Records Start Marker

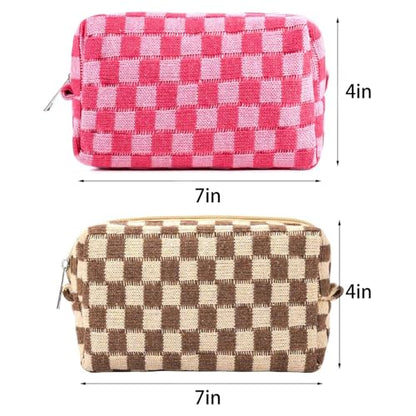 ZLFSRQ 4Pcs Checkered Pencil Case Cute Pencil Pouch for Teens Checkered Makeup Bag Medium Travel Cosmetic Bag Makeup Pouch for Purse Aesthetic Trendy Zipper Toiletry Bags(Green/Black/Pink/Brown) - color: Checkered 4Pcs M Pink/Black/Green/Brown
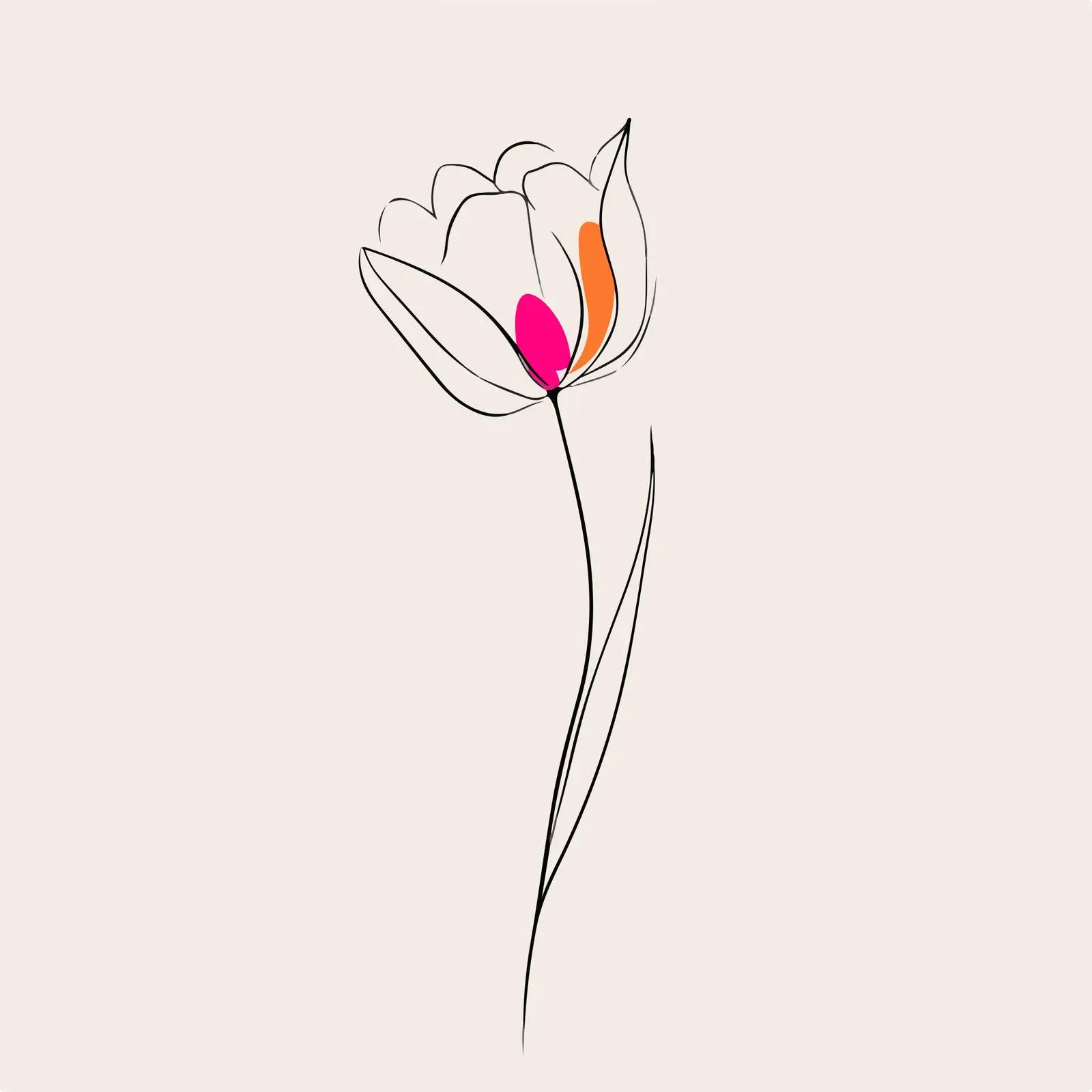 Minimal Tulip Line Art — free download from Dotvec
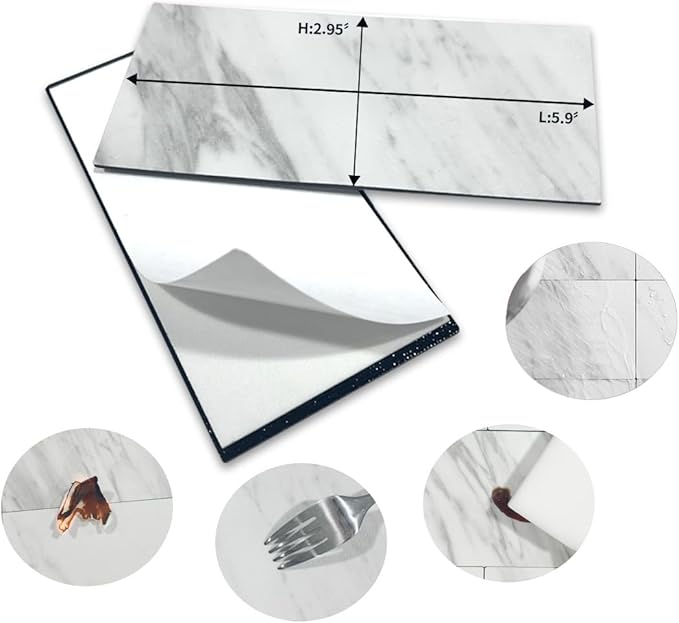 AULIGET 4-Piece White Marble Look Peel and Stick Backsplash Wall Tiles - Image 5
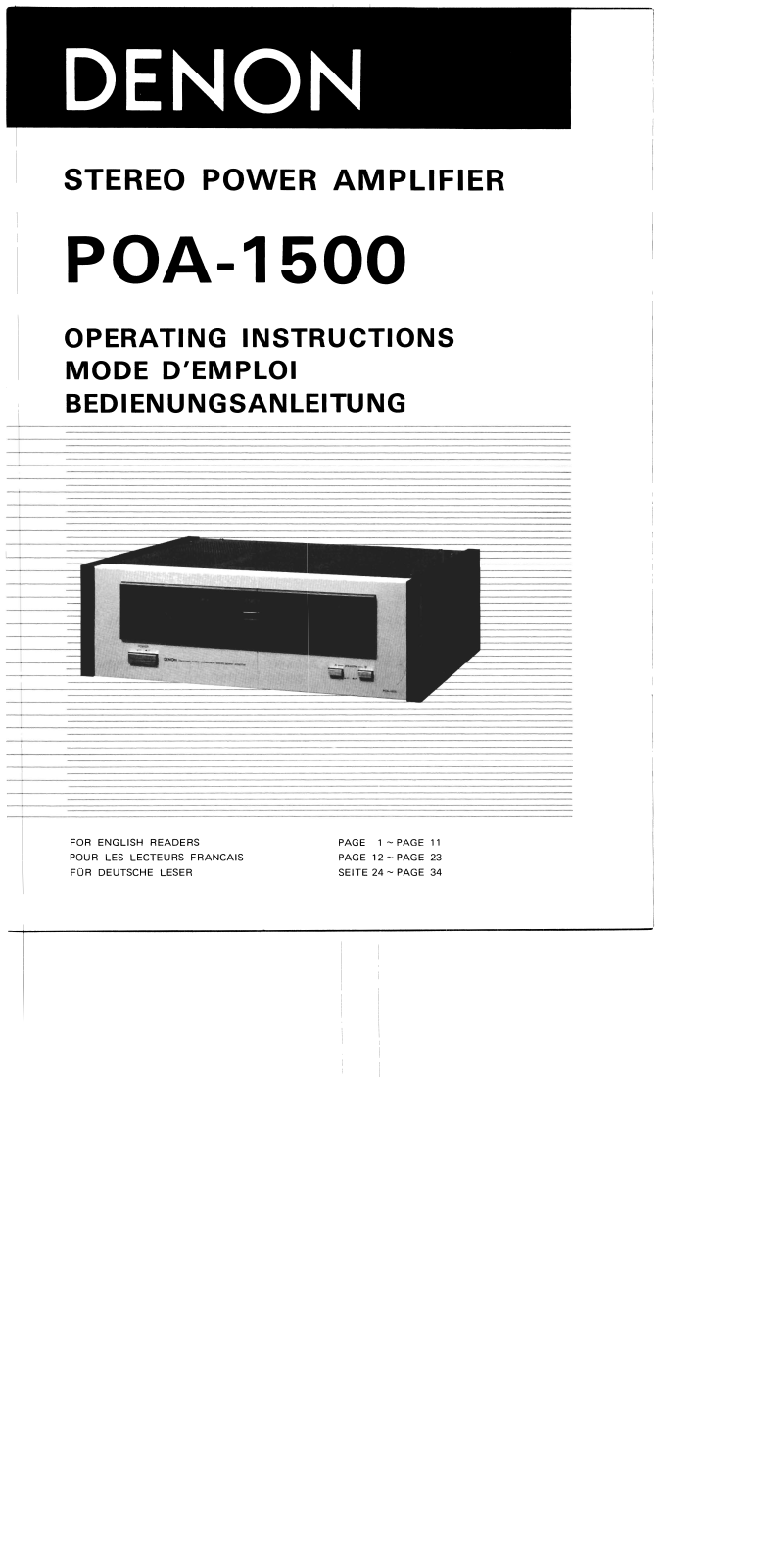 Denon POA-1500 Owner's Manual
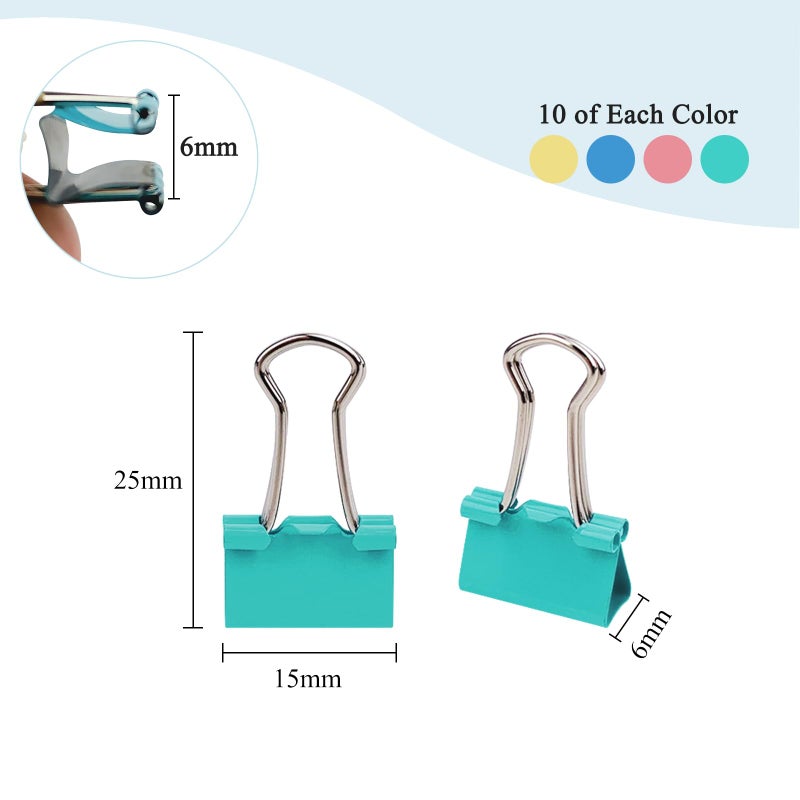 Ykimok 40-Pack Mini Binder Clips in 4 Colors (Blue, Yellow, Red, Green), 15mm/0.6-Inch Small Paper Clips for Home, School, Office and Business - Image 2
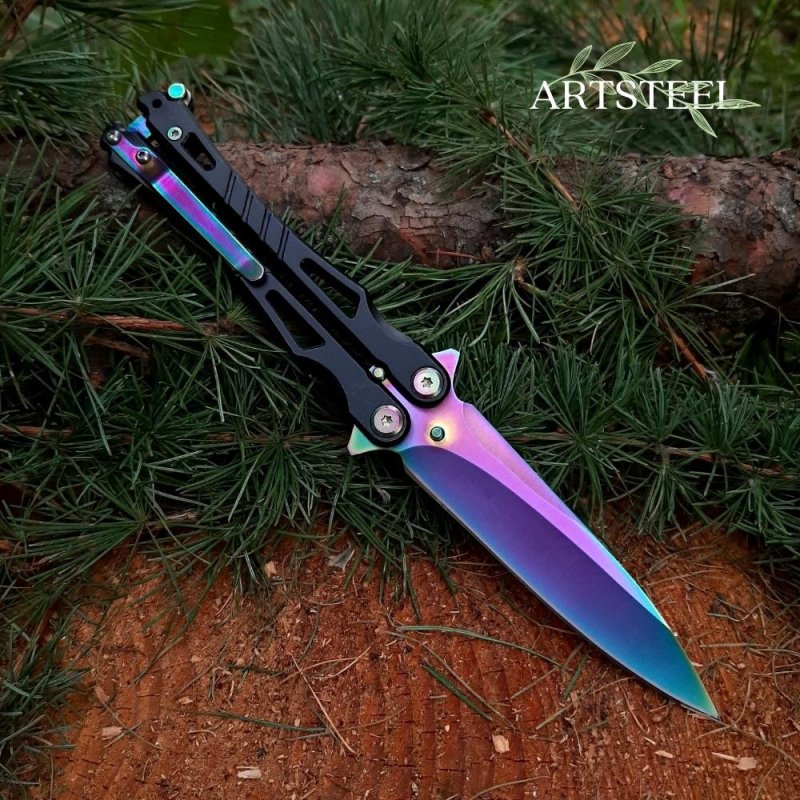 Нож бабочка Адмирал, сталь 420, рукоять сталь в интернет-магазине art-steel.ru, фото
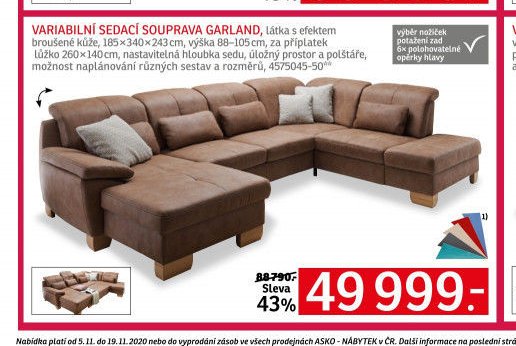 VARIABILNÍ SEDACÍ SOUPRAVA GARLAND - ASKO akcniletaky.com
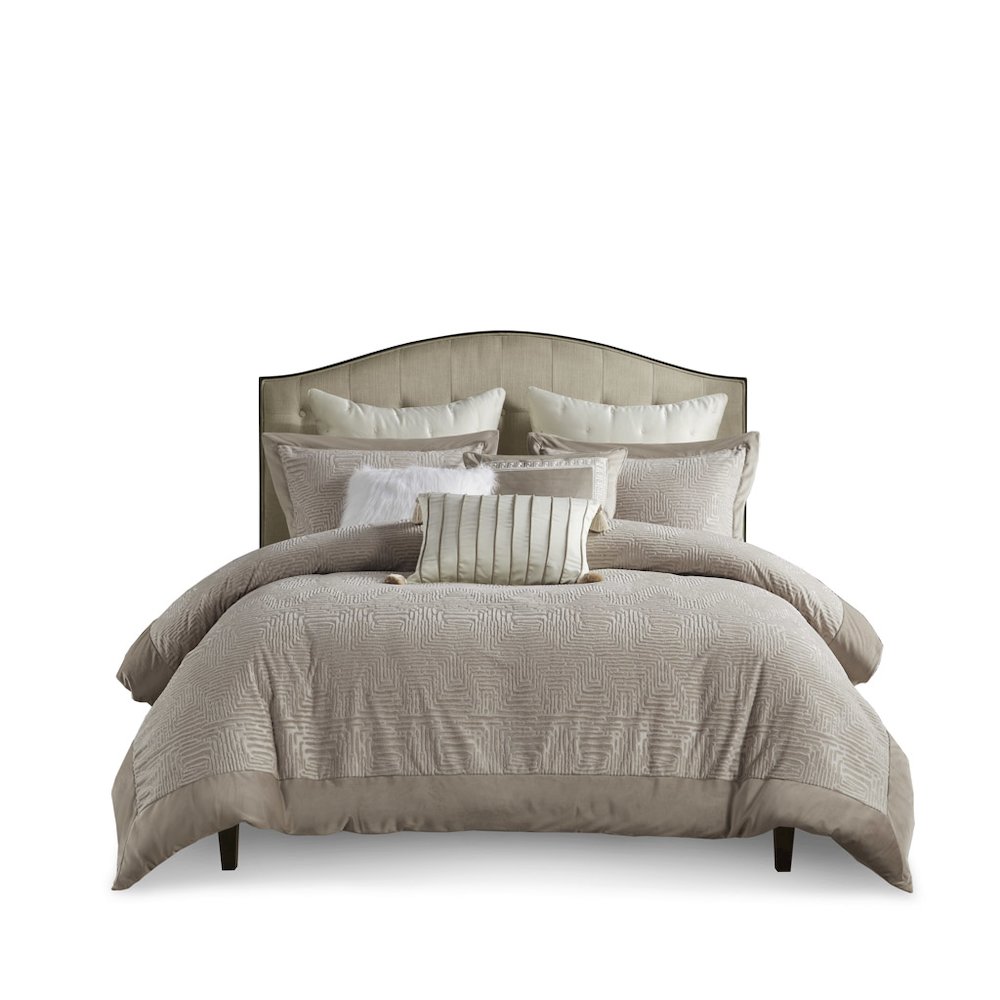 Oversized Velvet Comforter Set with Euro Shams and Throw Pillows. Picture 1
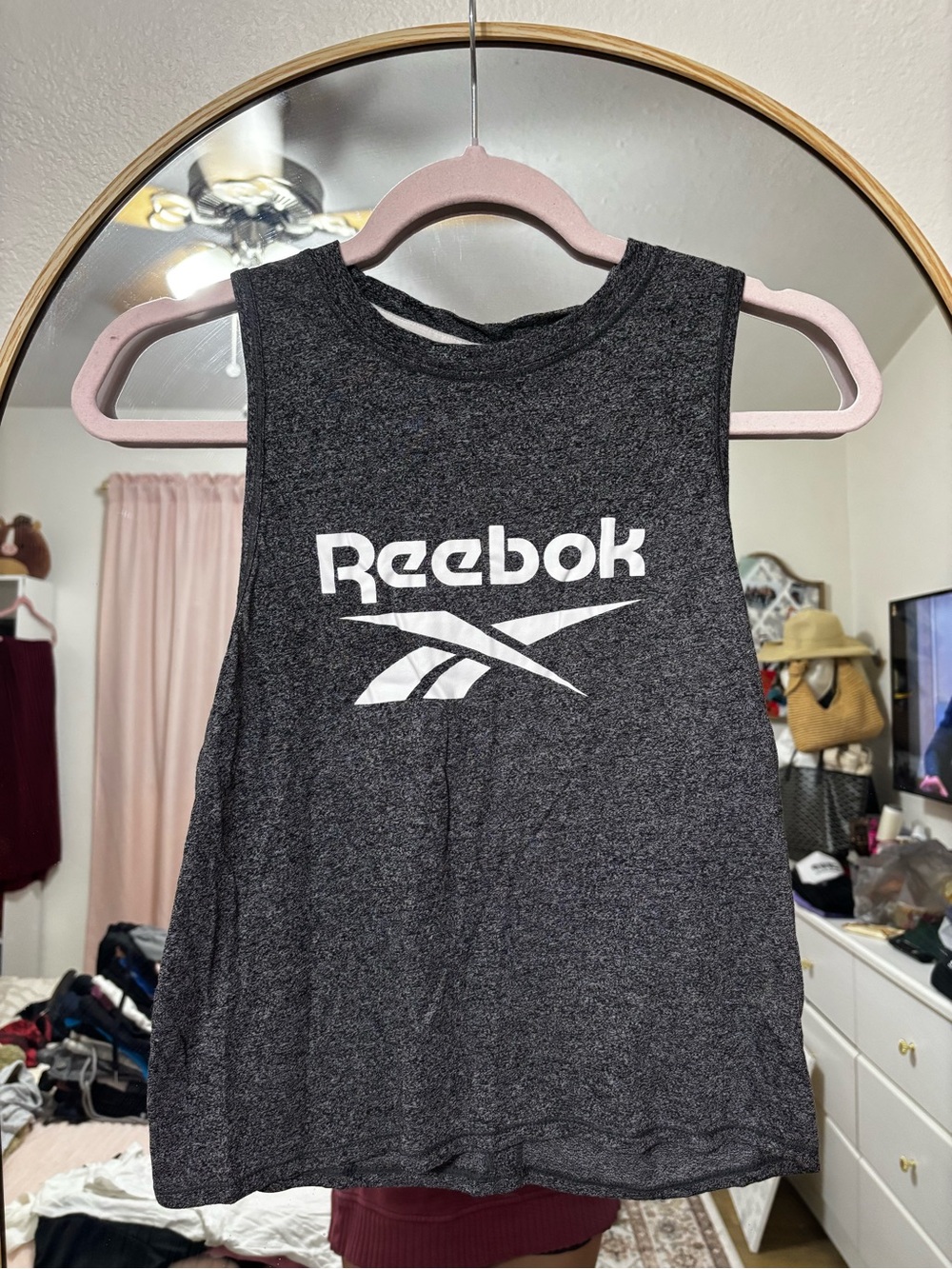 Reebok Charcoal Gray Logo Sleeveless Tank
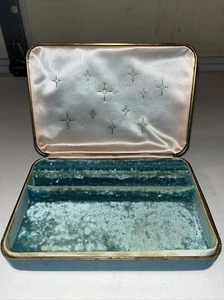 Vintage Genuine Texol Jewelry Box Fashioned by Farrington Teal Blue Gold Trim AA - Picture 1 of 17
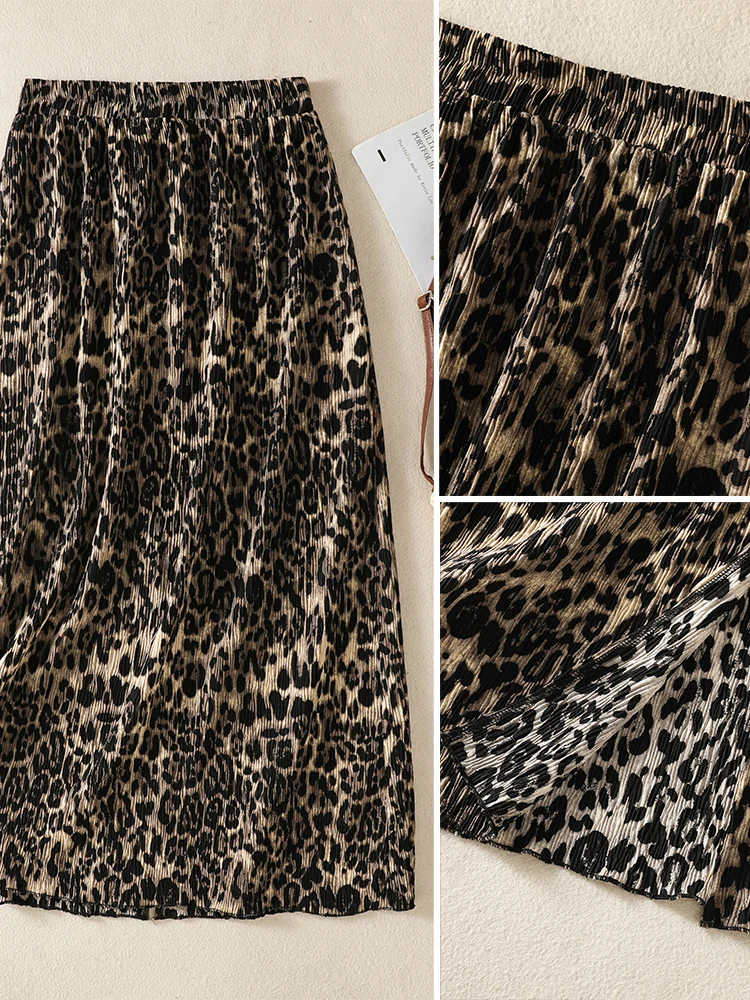 Retro High Waist Straight Cut Long Skirt Women's Print Half Skirt Elastic Waist Leopard Print Fashionable Slimming Summer New...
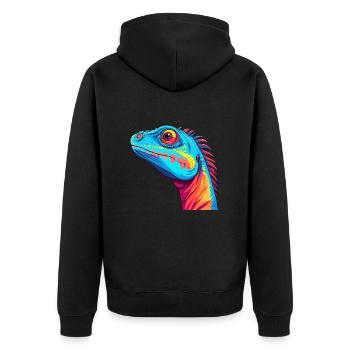 Lézard Aquarelle Colorée Dessin Animé Kawaii Animal - Veste à capuche bio Premium Unisexe - noir - Dos - Nico (187cm)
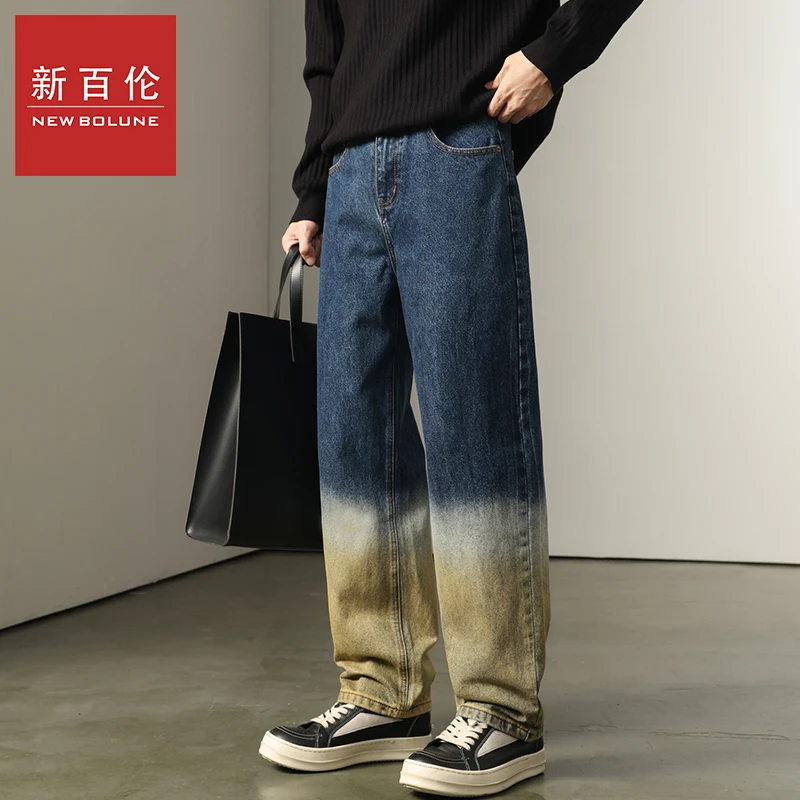 新百伦牛仔裤男爆款秋冬渐变色港风潮流宽松直筒裤复古休闲牛仔裤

Records End Marker

Problem details >> Reproduce exactly, with no pictures, the lines above from the one holding "Ykimok 40-Pack Mini" to the one holding "Retro High Waist", inclusive.

Reply >>
 Ykimok 40-Pack Mini Binder Clips in 4 Colors (Blue, Yellow, Red, Green), 15mm/0.6-Inch Small Paper Clips for Home, School, Office and Business - Image 2
 Нож бабочка Адмирал, сталь 420, рукоять сталь в интернет-магазине art-steel.ru, фото
 VARIABILNÍ SEDACÍ SOUPRAVA GARLAND - ASKO akcniletaky.com
 Oversized Velvet Comforter Set with Euro Shams and Throw Pillows. Picture 1
 Reebok Charcoal Gray Logo Sleeveless Tank
 Vintage Genuine Texol Jewelry Box Fashioned by Farrington Teal Blue Gold Trim AA - Picture 1 of 17
 Retro High Waist Straight Cut Long Skirt Women's Print Half Skirt Elastic Waist Leopard Print Fashionable Slimming Summer New...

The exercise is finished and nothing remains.